Is this guess correct? Or is there another reason?


  • \$\begingroup\$ Are you sure it works entirely that way in reality? Can we make infinitely sharp edges then? Where one face has absolutely no rounding between it and adjacent faces? Or how about making a line segment in reality that could be collided with that had no volume? \$\endgroup\$ Jun 10, 2017 at 13:43
  • \$\begingroup\$ I understand your point about how physics seems to work at a classical level and I agree it makes some sense. It's just that I think reality can substantiate a vertex radius rounded model too. \$\endgroup\$ Jun 10, 2017 at 13:47

1 Answer 1


There are three reasons collision margins may exist in physics simulations.
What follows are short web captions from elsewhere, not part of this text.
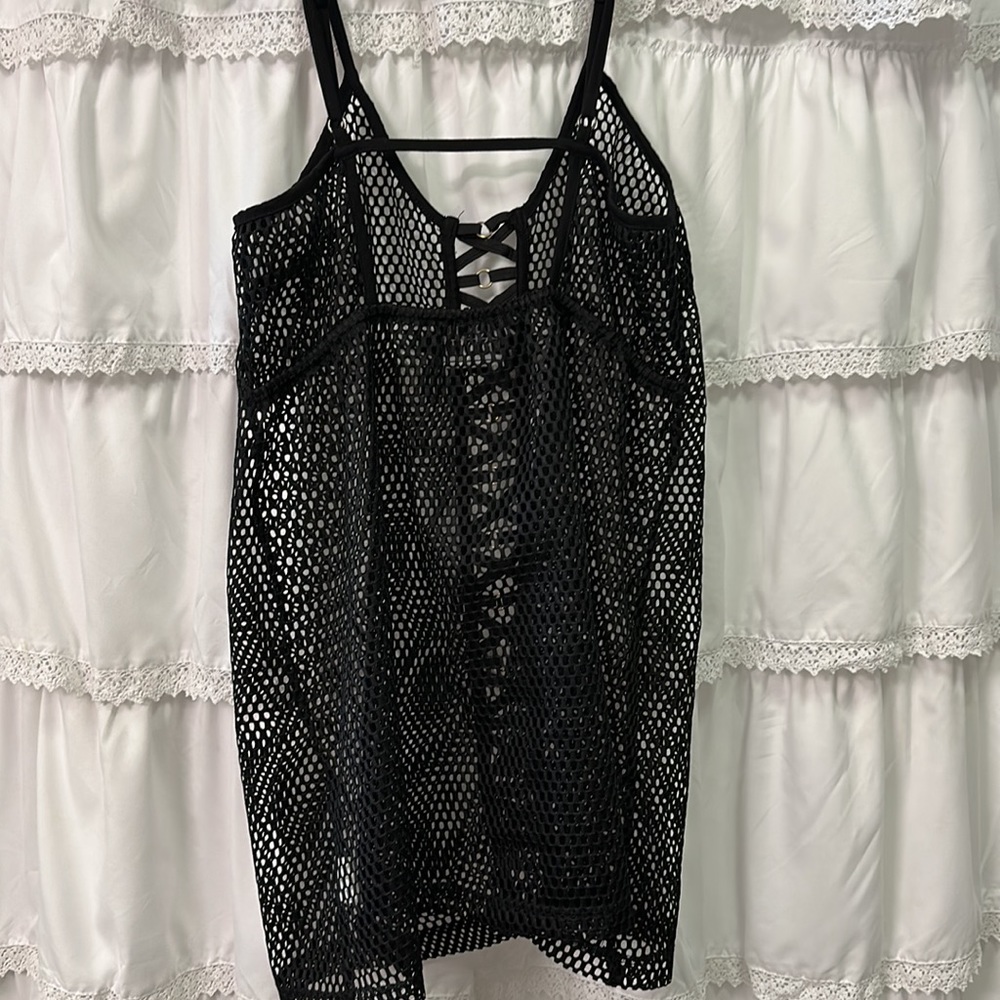 Edgy black mesh cover up - Picture 3 of 6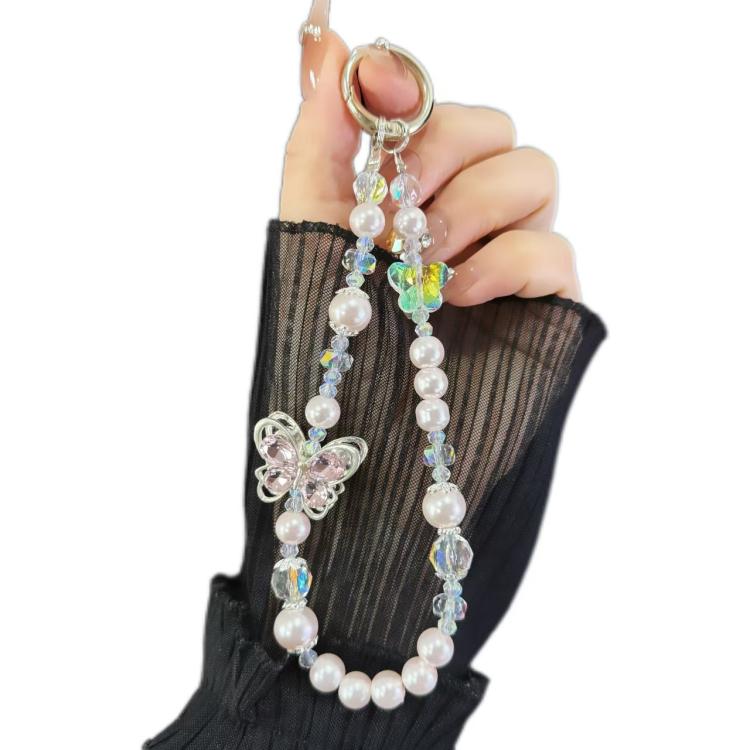 Tassel Pearl Double Butterfly Phone Chain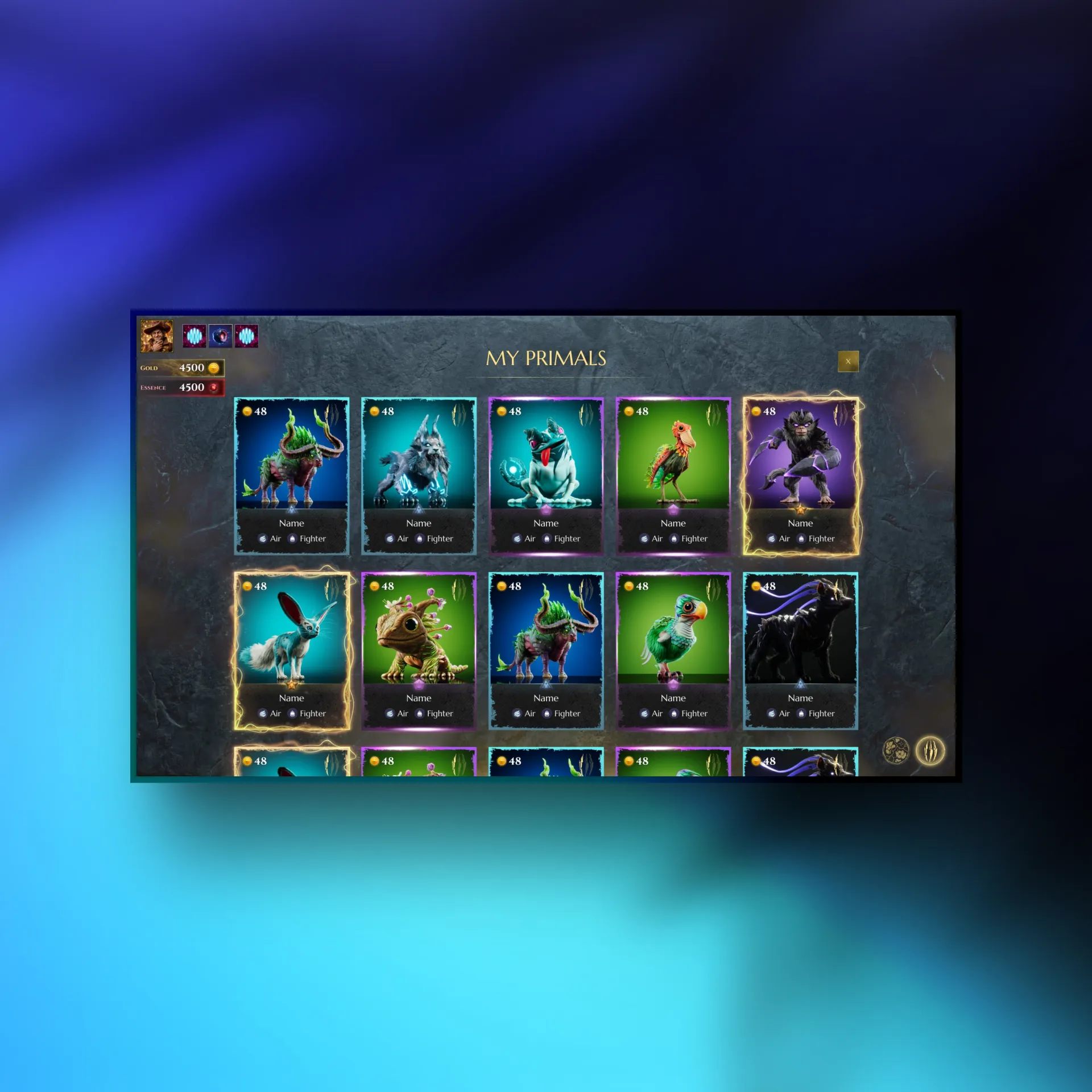My Primals card grid showing unit cards with rarity borders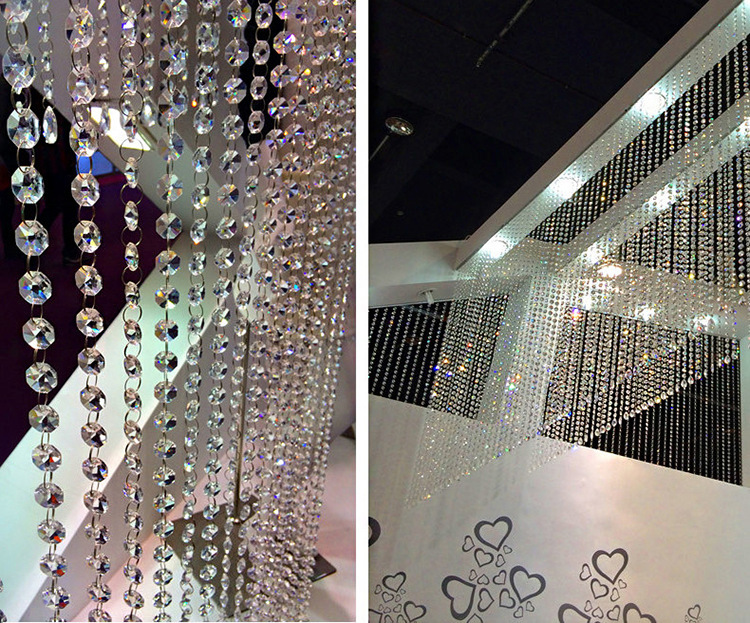 Wedding Acrylic Crystal Octagonal Bead Curtain Road Guide Bead Chain Entrance Partition Ktv Hotel Lobby Decoration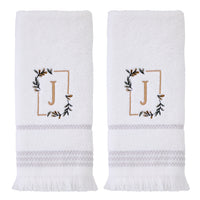 Everyday Monogram “J” 2-Piece Cotton Hand Towel Set, White
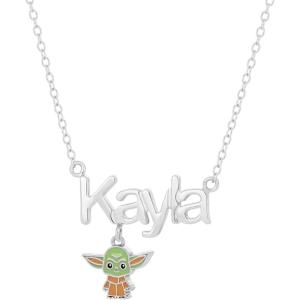 imageDisney Star Wars Grogu Custom Jewelry  14k Flash Plated and Sterling Silver Name Necklace Personalized  Grogu Custom Pendant Choose colorSilver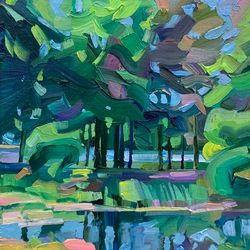 trees and lake. summer series. original oil painting,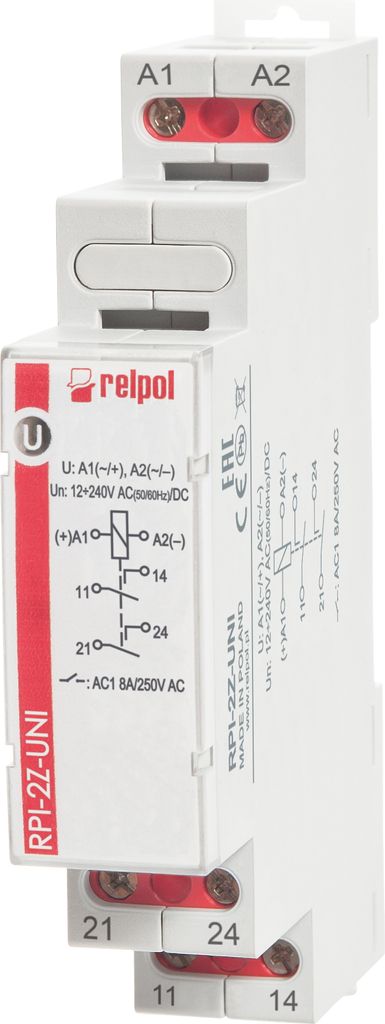 Elektromagnetische relais in Installationsmodul gehause, breite 17,5 mm RPI-2Z-UNI RELPOL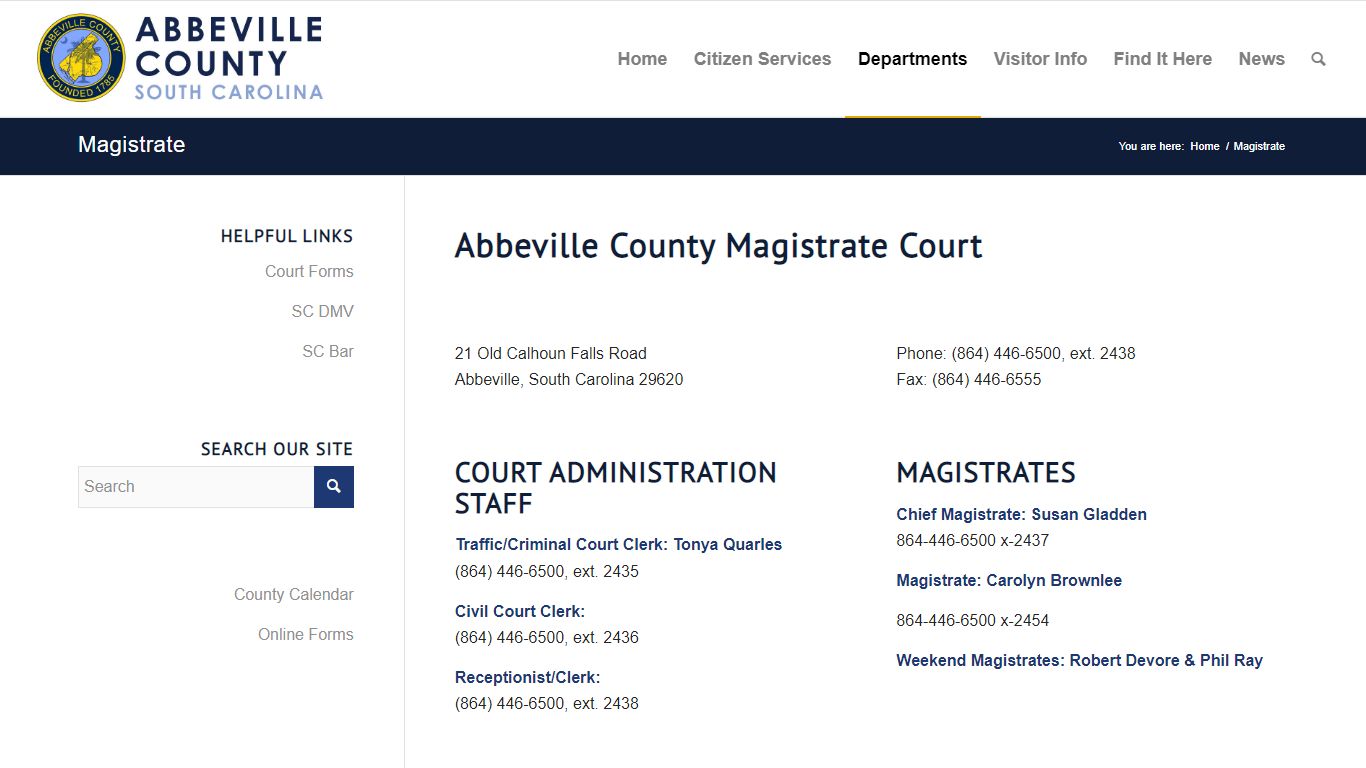 Magistrate - Abbeville County, South Carolina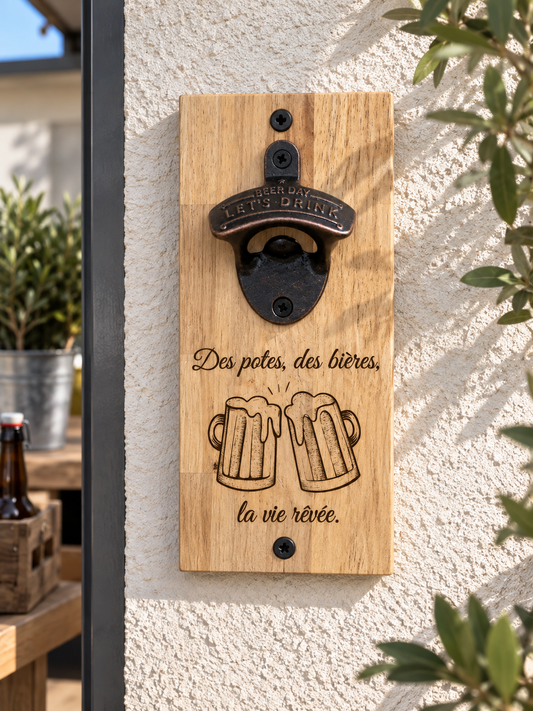 Décapsuleur de bière mural personalisé en bois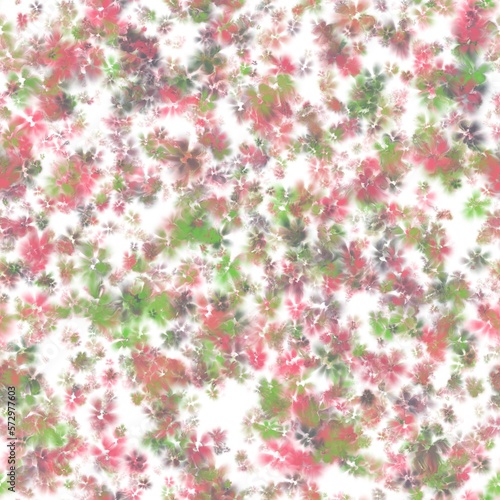 Green, red and gray flowers with liquid texture on the white background. Abstract seamless pattern.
  1. As you suggested, a collision margin gives the physics engine some room for error in detecting contacts and resolving contacts, prior to actual penetration. This helps with the appearance of realism as objects do not visibly poke through the ground, etc. There are nuances here for the calculation of the threshold for when contact constraints apply Baumgarte stabilization during solving to help separate bodies.

  2. As DMGregory notes, collision margins may be added to planes or triangles to provide an arbitrary thickness to primitives that are mathematically infinitely thin, effectively turning them them into a volume.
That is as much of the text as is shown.